- Task statement -
Only the text should come through, so restate the listing exactly and drop its images.

:: Data extract ::

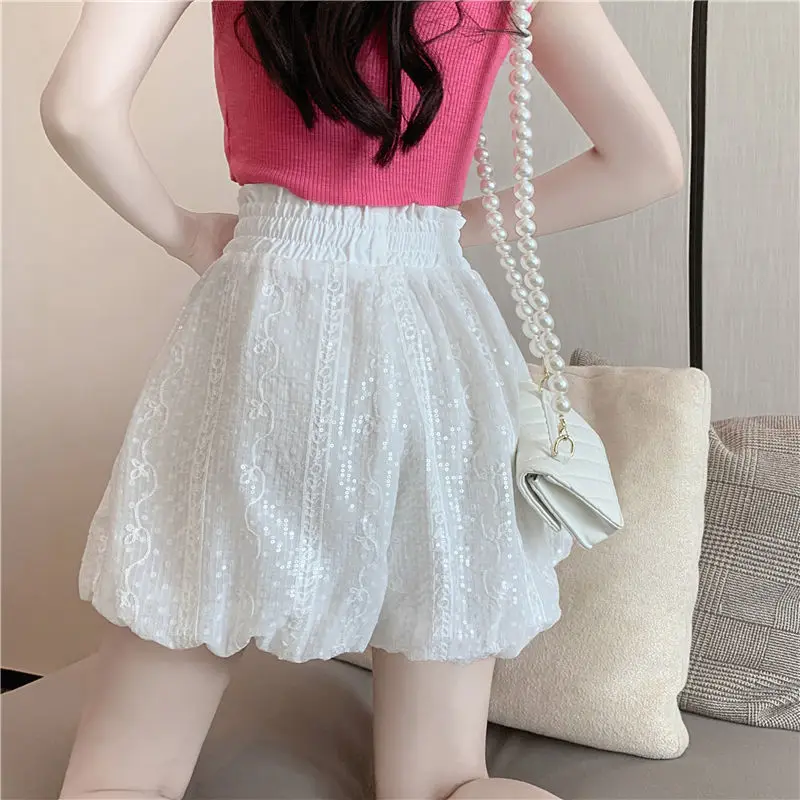 Летние мешковатые шорты с блестками и вышивкой женские брюки Zevity в Корейском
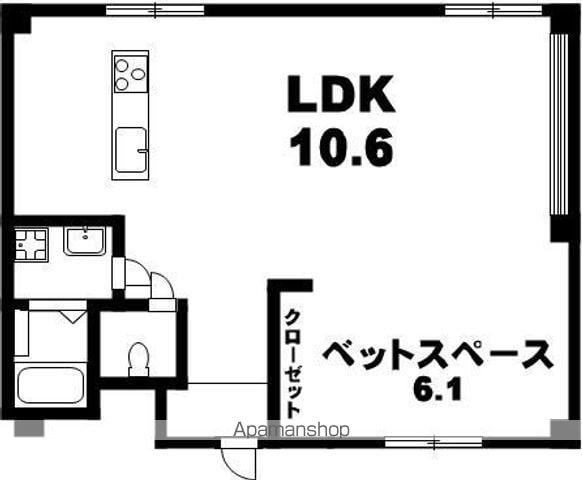 カサベルデ(ワンルーム/4階)の間取り写真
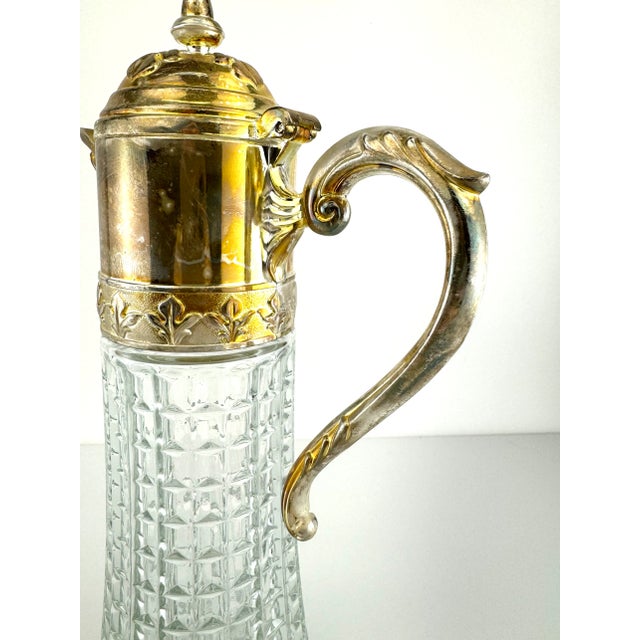 1960s Mid-Century Italian Cut Glass and Silverplate Claret Jug For Sale - Image 4 of 16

:::

- Problem solution -
 Летние мешковатые шорты с блестками и вышивкой женские брюки Zevity в Корейском
 カサベルデ(ワンルーム/4階)の間取り写真
 1960s Mid-Century Italian Cut Glass and Silverplate Claret Jug For Sale - Image 4 of 16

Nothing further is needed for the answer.